Trading surveillance teams can monitor any rumors or posts about mergers or other relevant events in real-time in social media and get instant notifications if certain companies or events suddenly move into focus. In connection with the alert system, as described before, critical situations can be detected very quickly and might result in a timely reaction.
In Nasdaq’s case, incorporating real-time social media feeds into its US Surveillance program will enhance the company’s ability to monitor for potential market abuses. The company will be able to quickly consider a larger universe of factors when investigating unusual activity.
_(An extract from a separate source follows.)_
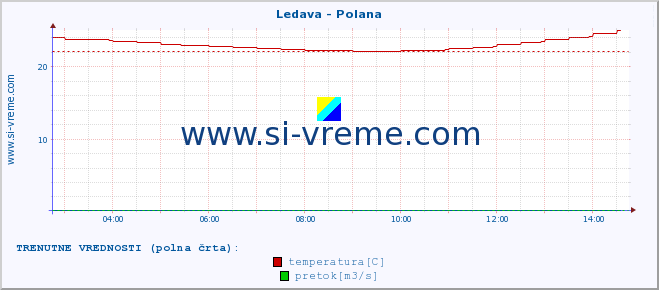 POVPREČJE :: Ledava - Polana :: temperatura | pretok | višina :: zadnji dan / 5 minut.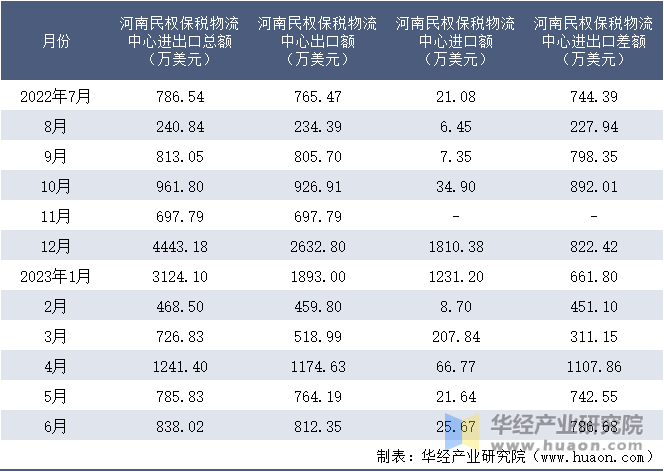 2022-2023年6月河南民权保税物流中心进出口额月度情况统计表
StockPulse also maintains comprehensive identifier mapping tables for financial titles world-wide. Identifier mapping is the assignment of relevant identifiers to a document based on recognized entities. For example, news discussing an analyst upgrade of video streaming company Netflix would be tagged with the ticker NFLX:US. Different processes regularly update all identifier mappings; for example ISIN or ticker symbol changes are handled automatically. Currently, the system maintains more than 1 million mappings.
StockPulse clients come from different geographic areas and industries and include top-tier hedge funds, asset managers, banks, stock exchanges, private equity companies, financial publishers, online brokers, news portals, research companies, and universities. They use the data for different purposes: For example, hedge funds are seeking trading signals or trading models that will allow them to extend their existing portfolios. Stock exchanges use the data for trading surveillance. Private equity companies want to find new investment opportunities based on alternative data that are not yet accessible to everyone. Other uses include product monitoring, investor relations alerts, and CEO reputation management.
StockPulse is a German-based data analytics company specializing in mining Emotional Data Intelligence. The company collects and analyzes alternative data from social media, with a particular focus on financial markets, to improve and support data-driven decision making for institutional financial investors.
The views and opinions expressed herein are the views and opinions of the authors at the time of publication and may not be updated. They do not necessarily reflect those of Nasdaq, Inc.